Milly gave a gasp and looked around wildly, as if for a moment she could not believe what the dressing room looked like.
Then aloud she called out,
“Wait one minute, Joe, until I am decent.”
As she spoke, she rose to her feet and beckoned Helga towards where across a corner of the dressing room was hung a long curtain behind which she changed when there were people in the other part of the room.
Now, as she pulled the curtain aside and pushed Helga behind it, she whispered,
“Don’t make a sound.”
As Helga disappeared behind the curtain, she pulled it back and put a hard chair in front of it.
Then she sat down in the chair she had just vacated and, taking her glass from behind the photograph, she finished off what remained in it before she shouted through the door,
“Ask His Grace to come in, Joe.”
A few seconds later the door opened and the Duke of Rocklington came into the dressing room, seeming to fill it with his presence.
He was a tall broad-shouldered man and exceedingly good-looking.
There was no one in London who did not know the Duke and most certainly no one in the theatre world.
It was no secret that he had invested a large amount of money in George Edwardes’s productions and a word from His Grace could either make or break an aspiring young actress or actor.
Milly had, of course, known the Duke for years and had often attended the supper parties he gave at Romano’s after a show and occasionally in his own house.
But he had never been in her dressing room, except when there was a party in progress, and now she wondered frantically whether he was perhaps the conveyor of bad news that her services were no longer required.
She was well aware that, although she had tried not to let her personal feelings intrude, the performances she had given since Christofer had died were inferior to those she had given before.
She felt as if she carried a heavy stone in her chest and had been numbed by a shock that seemed to have paralysed not only her body but also her brain.
She had struggled on, but she knew only too well that the Duke expected perfection and he would undoubtedly be the first to realise that she was not up to her usual form.
She was, however, actress enough to smile at him beguilingly.
It was just the same smile that had sold thousands of postcards of her in every stationer’s shop all over London and that had ensured that there was still a large contingent of autograph hunters to besiege her every time she went in or out of the stage door.
“This is a great surprise, Your Grace,” she said, holding out her hand with a gesture that was almost Royal.
“Good evening, Milly.”
The Duke kissed her hand, foreign fashion, with his lips not actually touching her skin.
Then he pulled up a chair from the other side of the room and, sitting down beside her, began,
“I want your help.”
“ My help?” Milly exclaimed, thinking that this was the second time her help had been asked for that evening and both times it had been exceedingly surprising.
“So how could I possibly help Your Grace?” she asked before the Duke could speak. “I should have thought that the boot was very much on the other foot and it is something I might well be asking you.”
“The help I require is something that I think it is possible only for you to give me,” the Duke said, “and that is why I have come to the theatre early when I knew that you would be alone to ask for your assistance.”
“You are certainly making me very curious!” Milly said lightly.
To her surprise the Duke looked very serious and, putting his tall hat and cane down on the dressing table, he seemed for just a moment to have difficulty in finding words to express himself with.
A dozen ideas meanwhile flashed through Milly’s mind as to what he could possibly want of her, none of which had any likelihood of being the truth and she could only wait, thinking that, when one strange and unexpected thing happened, there was usually another to follow it.
But never in her wildest dreams had she expected the Duke of Rocklington to approach her in such a way.
She knew a great deal about him. He was enormously rich and was the most sought-after bachelor in the whole of the Social world.
He had made it very clear that he had no intention of marrying and so preferred when he was not in attendance upon the Prince of Wales to be in the company of the latest and most beautiful actress that the theatre world could provide.
At least a half dozen Gaiety Girls had passed through his hands in the last two years and, although they extolled all his attractions even after being discarded and were apparently still enamoured of him when he had no further use for them.
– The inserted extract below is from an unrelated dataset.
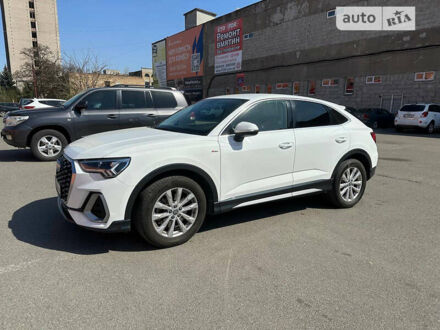 Белый Ауди Q3 Sportback, объемом двигателя 1.98 л и пробегом 42 тыс. км за 39999 $, фото 1 на Automoto.ua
He was certainly a phenomenon in that way and, looking at his broad forehead, his dark flashing eyes and the squareness of his chin, Milly could understand any young woman being bowled over by his good looks without counting the importance of his being a Duke and the fact that he was extremely generous.
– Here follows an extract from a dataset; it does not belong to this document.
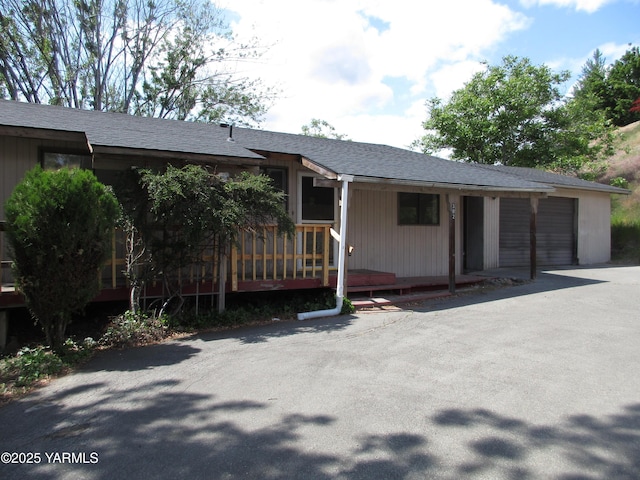 8108 Poplar View Way, Yakima, WA 98908 - ranch-style house featuring asphalt driveway and a garage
But she knew as well that he was a force to be reckoned with.
There were endless stories of how he and George Edwardes had fallen out on numerous occasions.
The Duke had always won and it was said that George Edwardes had always conceded that in this, if in nothing else, the Duke was the ‘Guv’nor’ and not himself.
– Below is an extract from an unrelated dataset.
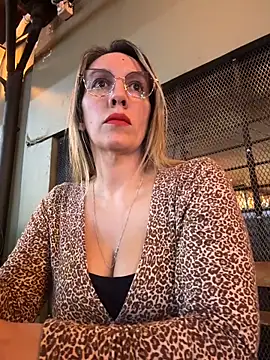 Gatitacarlita online show from May 16, 10:30 pm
There was a curve on his lips that Milly knew could be extremely sarcastic and at times cynical and she was aware that he was capable of making a woman very unhappy if she really loved him in the same way that she had loved Christofer.
There were, of course, many stories of ladies with broken hearts, who lived not among the brilliant lights of the theatre but in the Duke’s Social world.
It was very easy to understand that, if a woman aspired to marry him but found that it was something he had no intention of offering her, she could in consequence find it agonising to lose him.
This all flashed through Milly’s mind until the Duke had settled himself back in his chair and said,
“Now, Milly, listen to my problem and please find me a solution to it.”